Хочется как следует послать всё к чертям. Тем более, что и воды на прилавках нет, её всю разобрали.

– Ешь сыр с грибами, держи язык за зубами! – смеётся.

– Давайте вина, – вдруг предлагает Лар, оглядываясь на полки с алкоголем. –Вина и каких-нибудь фруктов.

– Чего кинем? Персики или нектарины? – сдаётся Вельзевул, оборачиваясь к фруктам. И на бледном лице парня на миг проступает озадаченность.

– Чем отличается персик от нектарина?

– Ты глупенький что ли? – я улыбаюсь широко и объясняю ему, как маленькому. – Персик пушистый.

– Пушистый, значит, что и вкусный, – подводит уверенный итог Лар.

И мы покупаем персики.

***

Если верить радио, «завтра» никогда не наступит, но я выключаю приёмник усталым движением, прикрыв глаза, потому что эфир без перерыва крутит и крутит одно и то же сообщение.

…огненные протуберанцы невиданной мощи прямо сейчас устремляются к земле…

…обнимите близких, молитесь богу…

Вельзевул говорит, что это будет так быстро, что никто ничего не почувствует, никто даже не заметит.

На кухне ещё какое-то время работает телевизор, а потом его сигнал пропадает.

Мы обнимаемся.

*******************************

– Была диабетическая кома, – говорят голоса. – Очнулась. Можете звать врача.

И приходит врач, высокая немолодая женщина с выцветшими глазами.

– Нужно внимательнее следить за своим здоровьем, – с упрёком говорит она, склоняясь, – тебе ведь всего шестнадцать.

Что?

Я подношу руку к глазам, чтобы заслониться от ослепляюще яркого света, втекающего в меня сквозь распахнутое окошко, и вдруг задыхаюсь в плаче.

Чточточточточточточточточто.

***

Но потом я всё-таки понимаю

***

Бегу по булыжнику мостовой, задыхаясь, перепрыгивая ливневые стоки и спотыкаясь о каменные бордюры, теряя балетки.

У меня самый точный адрес, самое строгое время прибытия, и никак нельзя опоздать.

Останавливаюсь, врезавшись животом в резные перила, высматриваю светлую макушку среди многих.
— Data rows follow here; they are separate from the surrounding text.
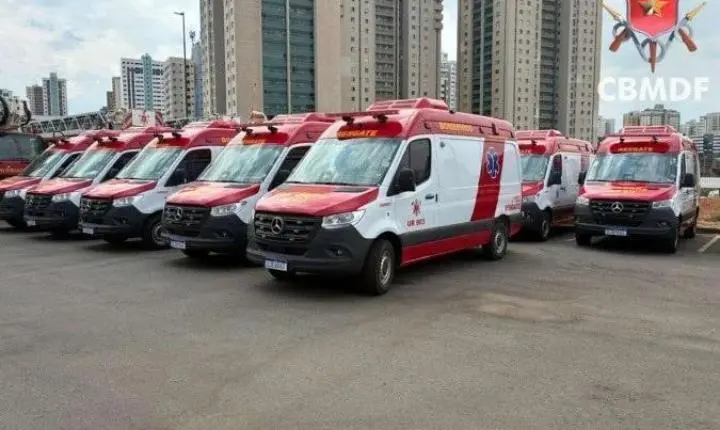 CBMDF renova 53% da frota operacional e amplia capacidade de resposta no Distrito Federal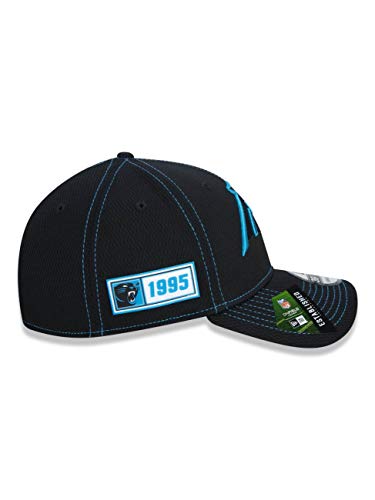 BONE 39THIRTY NFL ON-FIELD COLECAO SIDELINE CAROLINA PANTHERS ABA CURVA STRETCH FIT PRETO New Era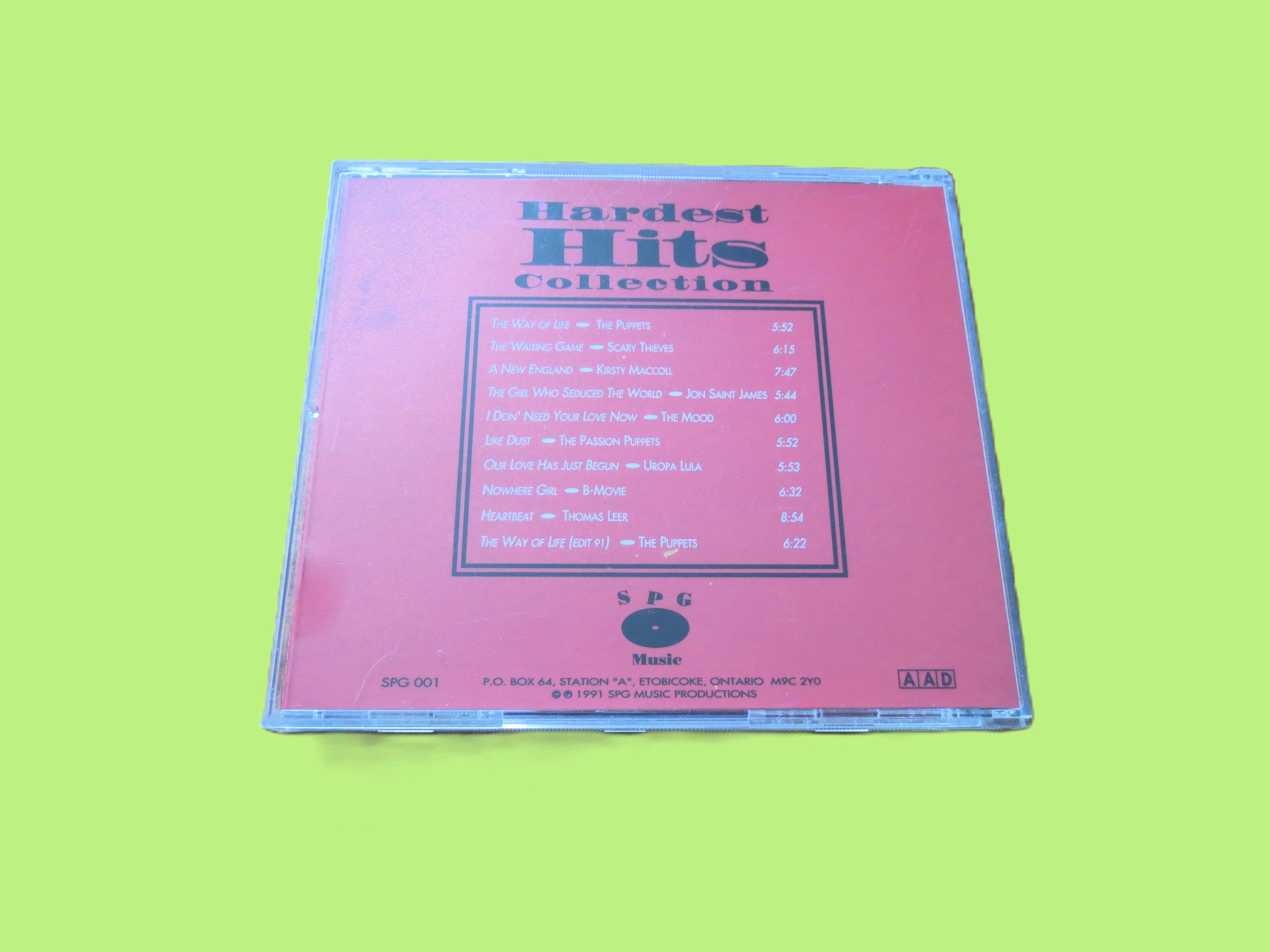 HARDEST HITS COLLECTION, Rare New Wave Music Cd, 1991 Compact Disc, Vintage Cd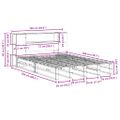 vidaXL Posteľ s knižnicou bez matraca 120x200 cm masívne drevo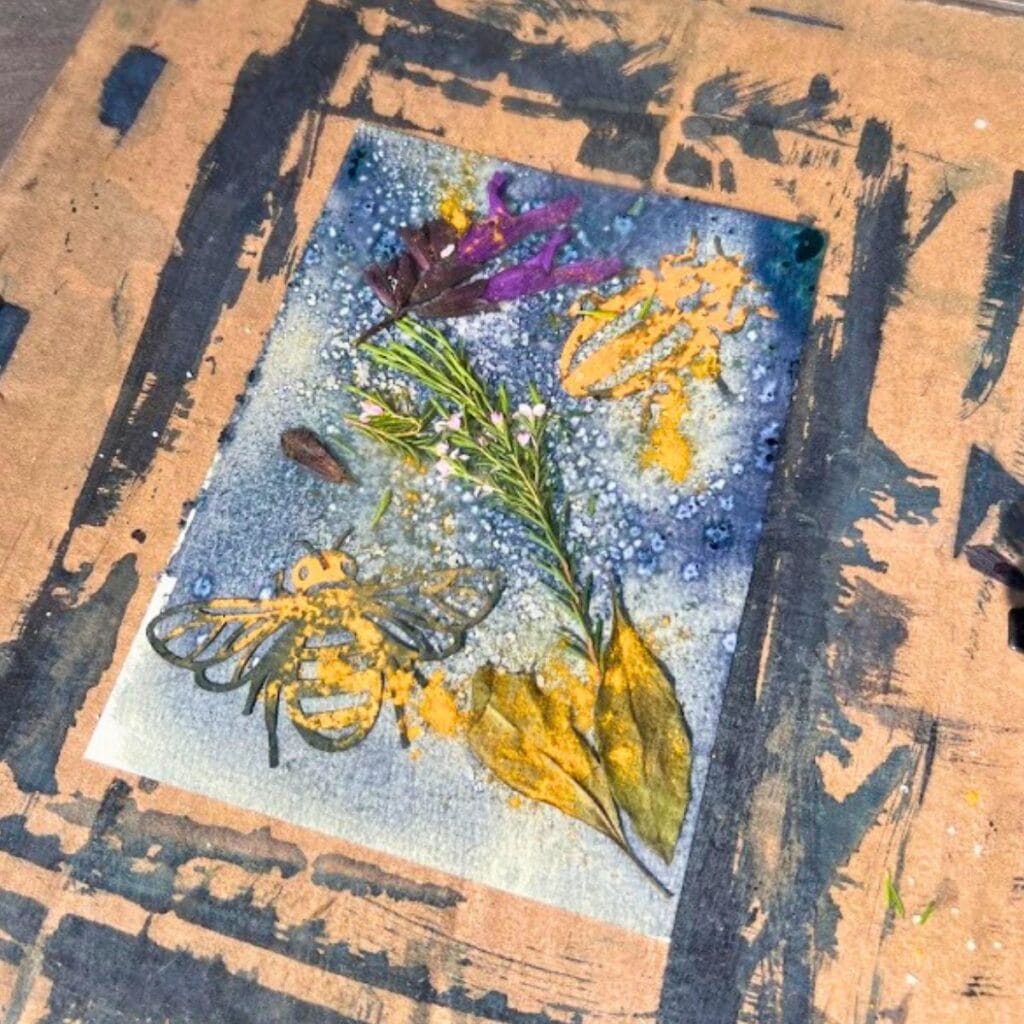 Cyanotype printing at sawdust art festival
Нахожу.

Он докуривает сигарету и переступает через ограду. Но прежде, чем успевает шагнуть туда, в чёрную пропасть воды и грязи, я ловлю его за руку.

Тёплая нежность пробирается мурашками по затылку, заставляя оцепенеть. И у меня бегут пузырьки под воротом, будто от газировки. Вспыхивает кожа.

Руку слабо, но пытаются высвободить. Я только что застала его в момент совершенного одиночества, боли, возведённой в абсолют, и меня ещё не научили убирать её кончиком пальца, так, как будто это соринка, попавшая на щёку. Мне сухо-сухо, горько на языке, и не получается разомкнуть губ.

Я поднимаю глаза и понимаю: он не совсем меня узнаёт. Но всё-таки. И этот маленький проблеск даёт мне сил, чтобы начать говорить, вернее, тараторить, быстро, сбивчиво, запинаясь.

– Мы будем есть пушистые персики, и я сделаю настойку на спирту, и кошку ту ласковую мы заберём. Я люблю тебя.

Пойдём со мной. Умоляю.

Я обещаю и обещаю, захлёбываясь словами и воздухом, потом слезами. А он слушает, слушает, принимает в себя. Отступает от края.